- Born: Henrietta Sophia Conran October 28, 1965 (age 60) England
- Occupation: Designer
- Spouses: Alex Willcock ​ ​(m. 2002, divorced)​; Nicholas Hofgren ​ ​(m. 2010; div. 2020)​;
- Children: Felix Conran; Coco Conran;
- Parents: Terence Conran (father); Caroline Conran (mother);
- Relatives: Sebastian Conran (half-brother); Jasper Conran (half-brother);

= Sophie Conran =

British designer and writer (born 1965)

Henrietta Sophia Conran (born 28 October 1965) is a British designer, retailer, cook and author. She is the founder and director of the Sophie Conran Shop.

==Early life==
Conran is the daughter of designer and restaurateur Terence Conran and food writer Caroline Herbert. Her brothers Tom and Edmund are both restaurateurs.
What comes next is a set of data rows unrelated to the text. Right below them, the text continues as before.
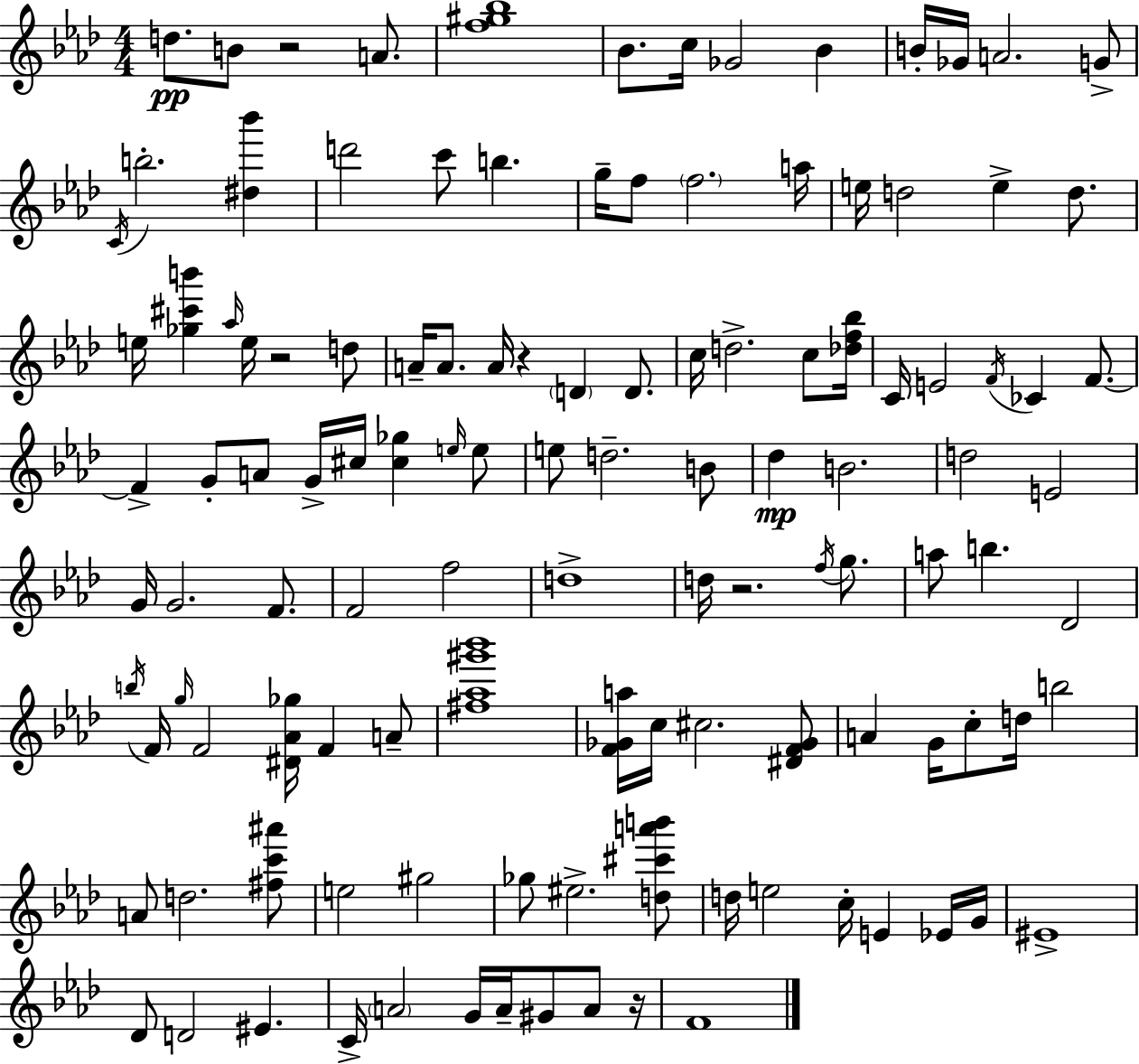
{
  \clef treble
  \numericTimeSignature
  \time 4/4
  \key aes \major
  d''8.\pp b'8 r2 a'8. | <f'' gis'' bes''>1 | bes'8. c''16 ges'2 bes'4 | b'16-. ges'16 a'2. g'8-> | \break \acciaccatura { c'16 } b''2.-. <dis'' bes'''>4 | d'''2 c'''8 b''4. | g''16-- f''8 \parenthesize f''2. | a''16 e''16 d''2 e''4-> d''8. | \break e''16 <ges'' cis''' b'''>4 \grace { aes''16 } e''16 r2 | d''8 a'16-- a'8. a'16 r4 \parenthesize d'4 d'8. | c''16 d''2.-> c''8 | <des'' f'' bes''>16 c'16 e'2 \acciaccatura { f'16 } ces'4 | \break f'8.~~ f'4-> g'8-. a'8 g'16-> cis''16 <cis'' ges''>4 | \grace { e''16 } e''8 e''8 d''2.-- | b'8 des''4\mp b'2. | d''2 e'2 | \break g'16 g'2. | f'8. f'2 f''2 | d''1-> | d''16 r2. | \break \acciaccatura { f''16 } g''8. a''8 b''4. des'2 | \acciaccatura { b''16 } f'16 \grace { g''16 } f'2 | <dis' aes' ges''>16 f'4 a'8-- <fis'' aes'' gis''' bes'''>1 | <f' ges' a''>16 c''16 cis''2. | \break <dis' f' ges'>8 a'4 g'16 c''8-. d''16 b''2 | a'8 d''2. | <fis'' c''' ais'''>8 e''2 gis''2 | ges''8 eis''2.-> | \break <d'' cis''' a''' b'''>8 d''16 e''2 | c''16-. e'4 ees'16 g'16 eis'1-> | des'8 d'2 | eis'4. c'16-> \parenthesize a'2 | \break g'16 a'16-- gis'8 a'8 r16 f'1 | \bar "|."
}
The fashion designer Jasper Conran and the product designer Sebastian Conran are her half-brothers.

== Career ==
After leaving school at 17, Conran worked as an apprentice for couture milliner Stephen Jones before joining the fashion team at the studio of her brother Jasper. Following this, Conran interior-designed apartments and show flats in the Butler's Wharf development and overhauled the Design Museum Shop's collections, where she also acted as a buyer. At the same time, she worked as a buyer for The Conran Shop and eventually launched her own store, 'Wong Singh Jones'. She began to receive private interior design commissions after buying a flat in Bayswater, reuniting the rooms which had been parcelled out as bed-sits, and renovating them.

In the early 1990s, Conran lived in Australia. On returning to the United Kingdom, she renovated a dilapidated farm in Devon, rearing pigs and growing vegetables. After a few years she returned to work for her father as a Colour Director and then as a Product Manager in a variety of areas. She helped with Jasper's Sackville Street townhouse store before the 2005 opening.

In the food world, Conran created a supper club and then collaborated with her brother Tom on a catering company. In 2004 she launched Sophie Conran Pies, which won four Fine Food Awards.

Her debut cookbook, Pies, was published in November 2006 by HarperCollins, with a mini version entitled Easy Pies later released. Her second book, Soups and Stews, was published by Collins in October 2008. She has written food and entertaining stories for many UK titles including InStyle and Living, and has been a contributing editor to Junior magazine.

In March 2006, Conran's kitchen, glass and tableware range for Portmeirion was launched. It received an Elle Deco Style Award for Best in Kitchens 2006 and the House Beautiful Award for Best in Tableware in 2008. Conran then created a fine dining range, White Oak, launched in the USA.

In December 2007, Conran was a designer in Save the Children's Festival of Trees fundraising event.

In 2009, with Harvey Jones Kitchens, Conran launched 'The Cook's Companion', a freestanding kitchen bench. In 2010 she launched the first of two cutlery collections with Arthur Price. In 2011, she designed a range of garden tools with the Sheffield-based company Burgon & Ball. The range was shortlisted for Product of the Year at the Chelsea Flower Show 2011. She has also collaborated with Melt chocolates of Notting Hill to create a chocolate inspired by sweet pies from her first book and which uses flavours including Earl Grey tea, ginger and cranberry; with bathroom store Drummonds to redesign their Chelsea showroom and design a range of coloured baths; and with wallpaper company Arthouse to create collections for B&Q stores.

The Sophie Conran Shop, sophieconran.com, is Conran's personal homeware company.

==Personal life==
With her former husband Alex Willcock, Conran has two children, Felix Conran, who was in partnership with his father as a furniture designer, and Coco Conran, a fashion designer. In 2010, she married Nicholas Hofgren, a London-based financier. The marriage ended in 2020, and she then left London and moved full-time to Salthrop House, her residence in Wiltshire.